**WHAT YOU ARE ASKED TO DO**
Find the line below with "茶博圓滿閉幕千人手搖飲登場　許縣長與印度貴賓以茶交流" and the line with "on white background.". Output exactly those lines and everything between them, leaving out the pictures.

[[ DATA SHOWN, beginning ]]

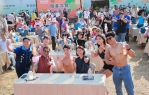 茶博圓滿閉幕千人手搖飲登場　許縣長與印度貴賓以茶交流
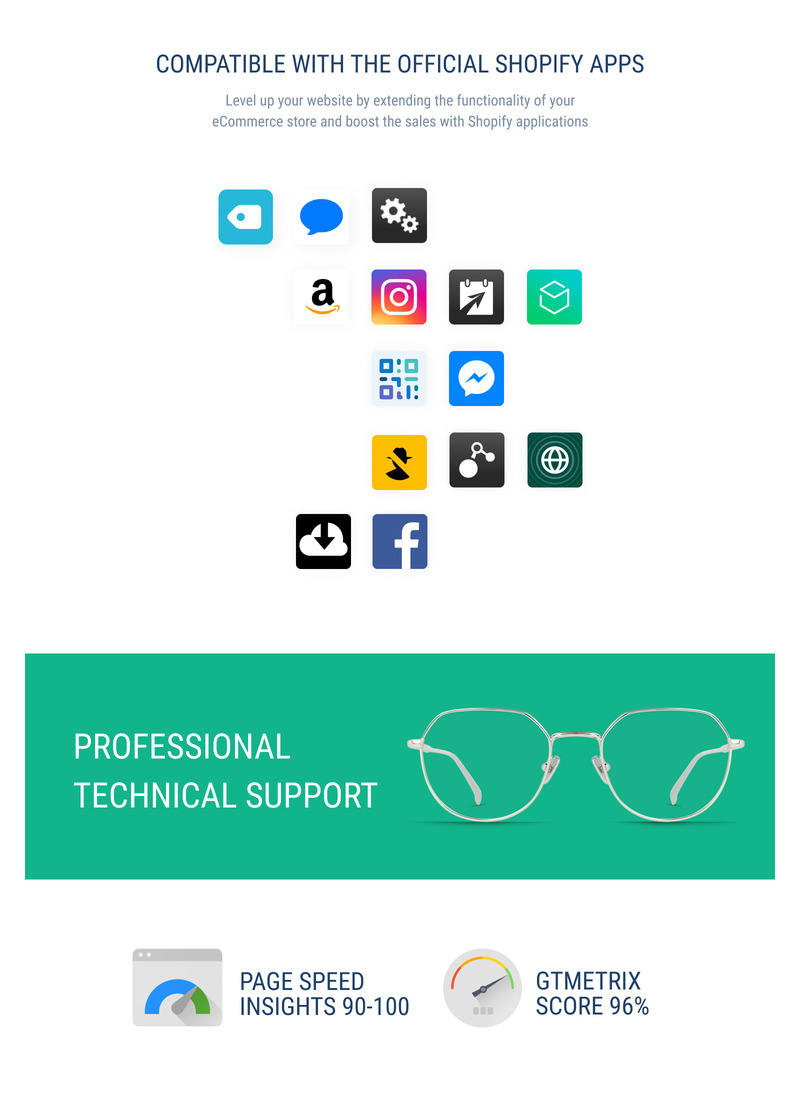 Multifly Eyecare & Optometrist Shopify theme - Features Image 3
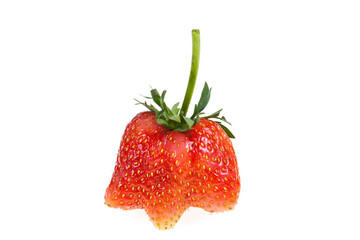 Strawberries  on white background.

[[ DATA SHOWN, end ]]
[[ DATA SHOWN, beginning ]]

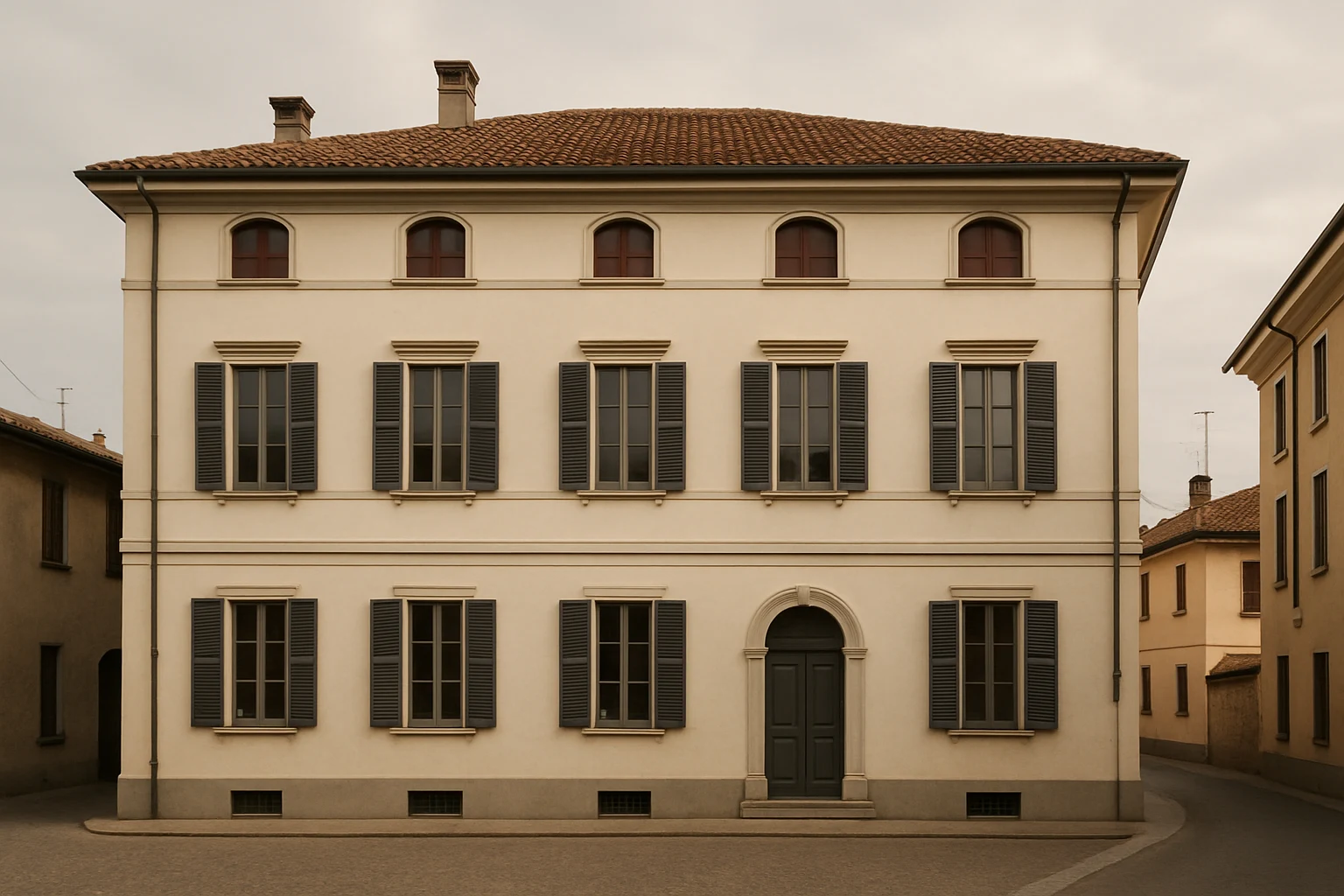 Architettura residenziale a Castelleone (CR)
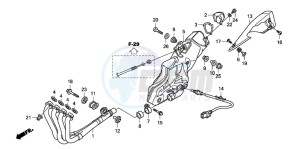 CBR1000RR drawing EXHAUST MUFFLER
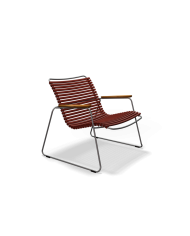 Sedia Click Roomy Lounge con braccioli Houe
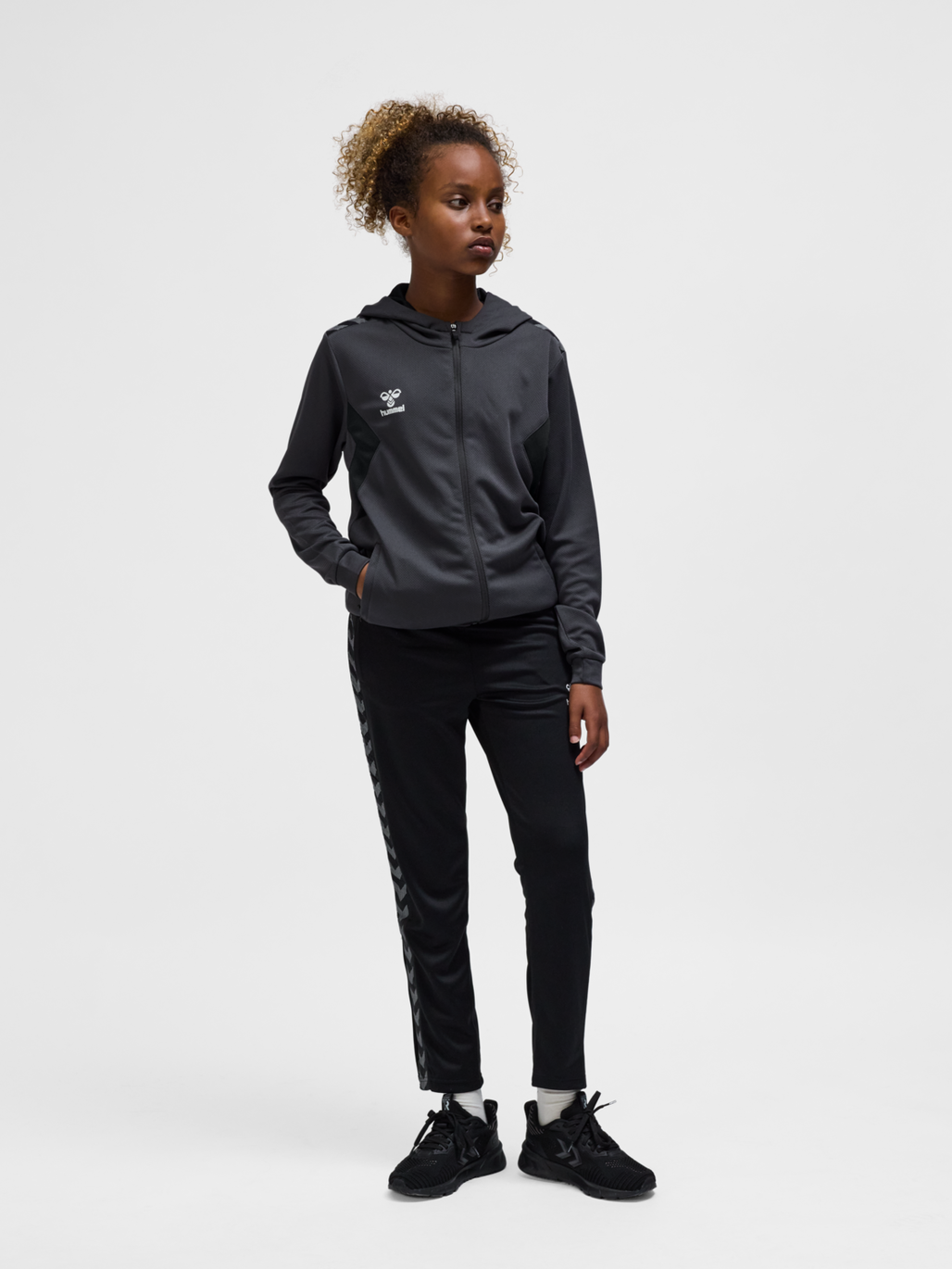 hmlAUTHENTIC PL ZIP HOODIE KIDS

[[ DATA SHOWN, end ]]
[[ DATA SHOWN, beginning ]]

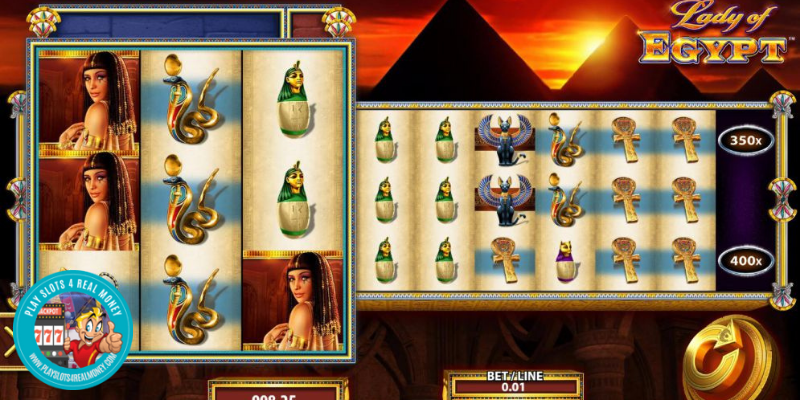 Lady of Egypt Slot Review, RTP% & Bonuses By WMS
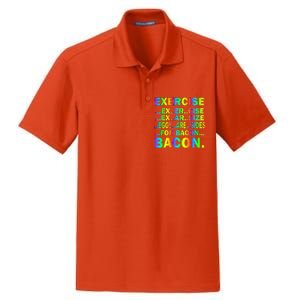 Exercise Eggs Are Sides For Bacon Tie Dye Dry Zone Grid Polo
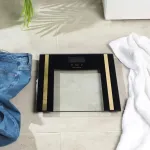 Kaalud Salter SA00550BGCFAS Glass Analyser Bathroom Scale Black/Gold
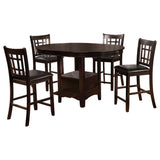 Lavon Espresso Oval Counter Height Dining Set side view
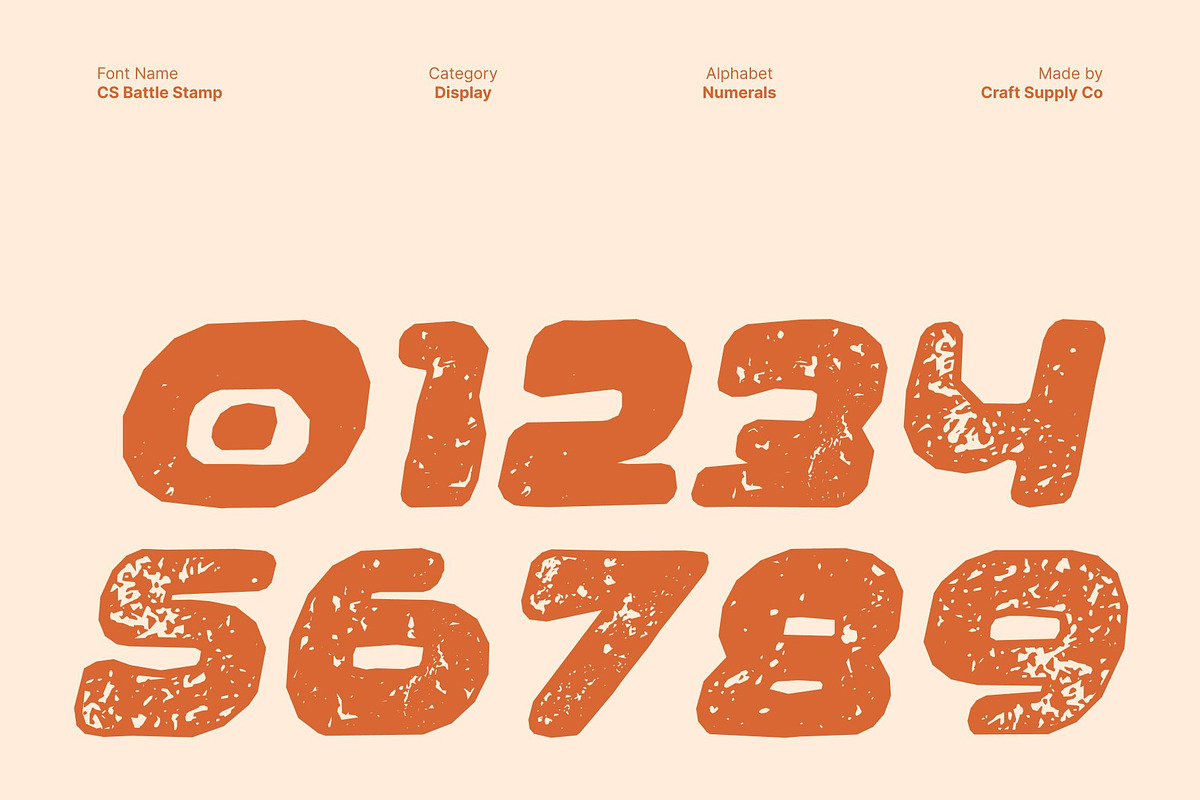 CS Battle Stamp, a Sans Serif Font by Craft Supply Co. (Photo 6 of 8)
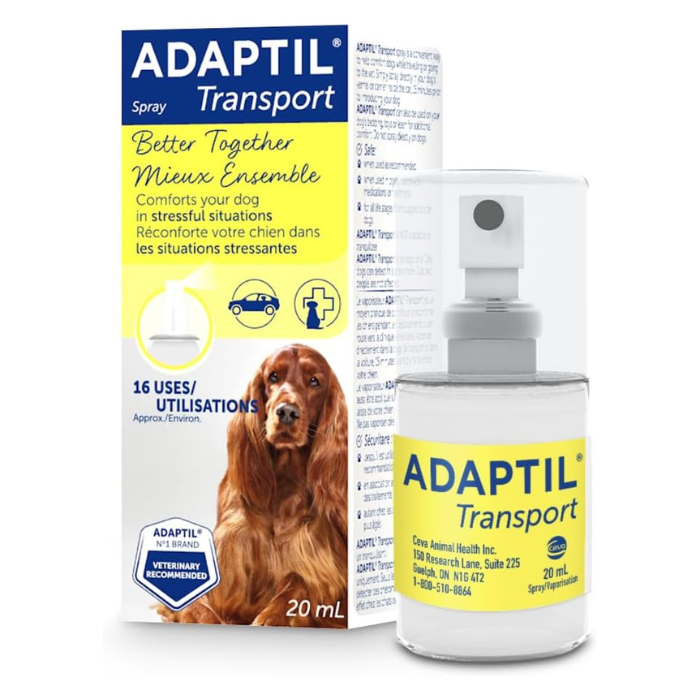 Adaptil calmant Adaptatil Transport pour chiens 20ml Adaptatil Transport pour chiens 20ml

[[ DATA SHOWN, end ]]

**RESULT BELOW**
 茶博圓滿閉幕千人手搖飲登場　許縣長與印度貴賓以茶交流
 Multifly Eyecare & Optometrist Shopify theme - Features Image 3
 Strawberries  on white background.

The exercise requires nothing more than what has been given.